# What is int_(1)^(4) x^4-x^3+sqrt(x-1)/x^2 dx ?

Dec 19, 2015

$\frac{1023}{5} - \frac{225 - \sqrt{3}}{4} + \arctan \left(\sqrt{3}\right)$

#### Explanation:

This explanation is a bit long, but I couldn't find a quicker way to do it...

The integral is a linear application, so you can already split the function under the integral sign.

${\int}_{1}^{4} \left({x}^{4} - {x}^{3} + \left(\frac{\sqrt{x - 1}}{x} ^ 2\right)\right) \mathrm{dx}$ = ${\int}_{1}^{4} {x}^{4} \mathrm{dx} - {\int}_{1}^{4} {x}^{3} \mathrm{dx} + {\int}_{1}^{4} \frac{\sqrt{x - 1}}{x} ^ 2 \mathrm{dx}$

The 2 first terms are polynomial functions, so they're easy to integrate.
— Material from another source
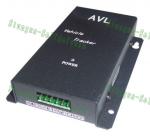 VT300 AVL GPS Vehicle Tracker with SMS/personal gps tracker for Car /Truck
I show you how to do it with ${x}^{4}$.

$\int {x}^{4} \mathrm{dx} = {x}^{5} / 5$ so ${\int}_{1}^{4} {x}^{4} \mathrm{dx} = {4}^{5} / 5 - \frac{1}{5} = \frac{1023}{5}$. You do the exact same thing for ${x}^{3}$, the result is $\frac{255}{4}$.

Finding $\int \frac{\sqrt{x - 1}}{x} ^ 2 \mathrm{dx}$ is a bit long and complicated. First you multiply the fraction by $\frac{\sqrt{x - 1}}{\sqrt{x - 1}}$ and then you change the variable : let's say $u = \sqrt{x - 1}$. So $\mathrm{du} = \frac{1}{2 \sqrt{x - 1}} \mathrm{dx}$ and you now have to find $2 \int {u}^{2} / {\left({u}^{2} + 1\right)}^{2} \mathrm{du}$. In order to find it, you need the partial fraction decomposition of the rational function ${x}^{2} / {\left({x}^{2} + 1\right)}^{2}$.

${x}^{2} / {\left({x}^{2} + 1\right)}^{2} = \frac{a x + b}{{x}^{2} + 1} + \frac{c x + d}{{x}^{2} + 1} ^ 2$ with $a , b , c , d \in \mathbb{R}$. After calculus, we find out that ${x}^{2} / {\left({x}^{2} + 1\right)}^{2} = \frac{1}{{x}^{2} + 1} - \frac{1}{{x}^{2} + 1} ^ 2$, which means that $2 \int {u}^{2} / {\left({u}^{2} + 1\right)}^{2} \mathrm{du} = 2 \left(\int \frac{\mathrm{du}}{{u}^{2} + 1} - \int \frac{\mathrm{du}}{{u}^{2} + 1} ^ 2\right)$

$\int \frac{\mathrm{du}}{{u}^{2} + 1} ^ 2$ is well known, it is $\arctan \frac{u}{2} + \frac{u}{2 \left(1 + {u}^{2}\right)}$.

Finally, $2 \int {u}^{2} / {\left({u}^{2} + 1\right)}^{2} \mathrm{du} = 2 \left(\arctan \left(u\right) - \arctan \frac{u}{2} - \frac{u}{2 \left(1 + {u}^{2}\right)}\right) = \arctan \left(u\right) - \frac{u}{1 + {u}^{2}}$

You replace $u$ by its original expression with $x$ to have $\int \frac{\sqrt{x - 1}}{x} ^ 2 \mathrm{dx}$, which is $\arctan \left(\sqrt{x - 1}\right) - \frac{\sqrt{x - 1}}{x}$

So finally, ${\int}_{1}^{4} \frac{\sqrt{x - 1}}{x} ^ 2 \mathrm{dx} = \arctan \left(\sqrt{3}\right) - \frac{\sqrt{3}}{4}$